**Requirement**
A faithful copy is needed of the lines below from the one with "Now that our" up to and including the one with "The HCM Roundabout"; set it down with no pictures and no other lines.

[Dataset content — start]

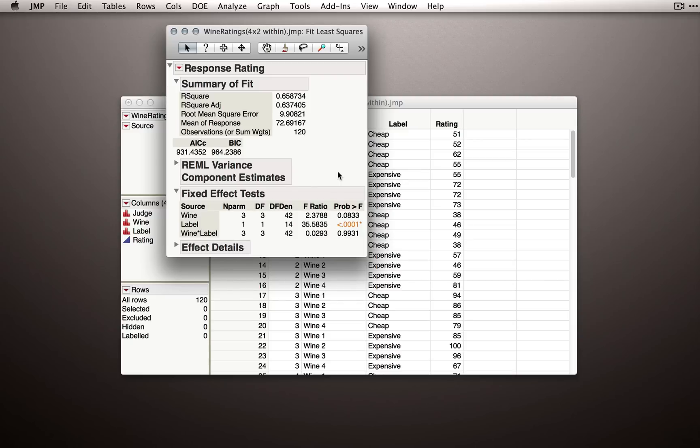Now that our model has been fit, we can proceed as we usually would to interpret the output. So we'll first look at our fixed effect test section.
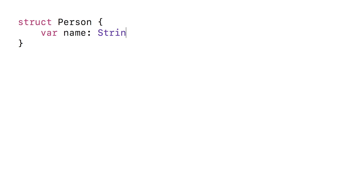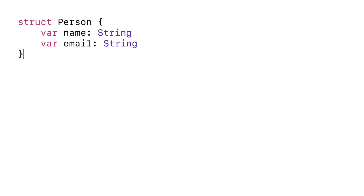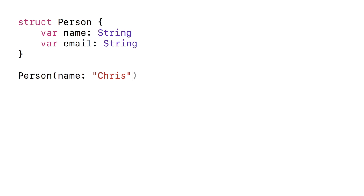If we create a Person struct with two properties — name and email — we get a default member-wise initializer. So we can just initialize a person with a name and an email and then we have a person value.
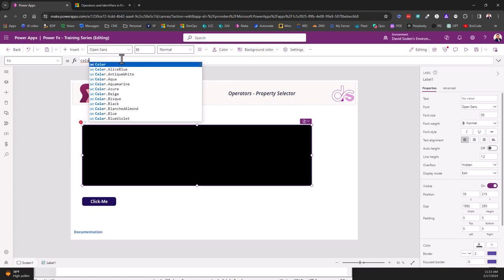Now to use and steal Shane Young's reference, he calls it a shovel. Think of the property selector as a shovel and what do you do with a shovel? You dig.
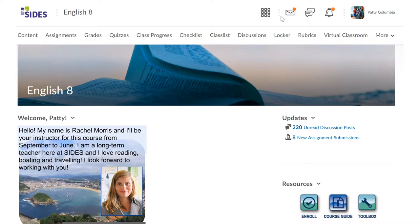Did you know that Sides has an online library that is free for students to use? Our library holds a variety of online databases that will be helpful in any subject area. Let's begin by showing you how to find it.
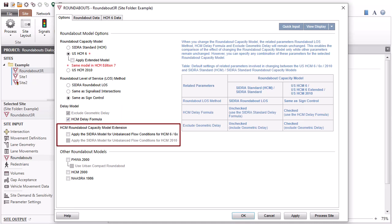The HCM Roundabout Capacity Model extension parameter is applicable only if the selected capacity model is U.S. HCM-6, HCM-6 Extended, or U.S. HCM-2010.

[Dataset content — finish]
[Dataset content — start]

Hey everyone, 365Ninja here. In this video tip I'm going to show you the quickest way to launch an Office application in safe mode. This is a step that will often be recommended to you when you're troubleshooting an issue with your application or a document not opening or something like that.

[Dataset content — finish]

**Exercise response**
Now that our model has been fit, we can proceed as we usually would to interpret the output. So we'll first look at our fixed effect test section.
If we create a Person struct with two properties — name and email — we get a default member-wise initializer. So we can just initialize a person with a name and an email and then we have a person value.
Now to use and steal Shane Young's reference, he calls it a shovel. Think of the property selector as a shovel and what do you do with a shovel? You dig.
Did you know that Sides has an online library that is free for students to use? Our library holds a variety of online databases that will be helpful in any subject area. Let's begin by showing you how to find it.
The HCM Roundabout Capacity Model extension parameter is applicable only if the selected capacity model is U.S. HCM-6, HCM-6 Extended, or U.S. HCM-2010.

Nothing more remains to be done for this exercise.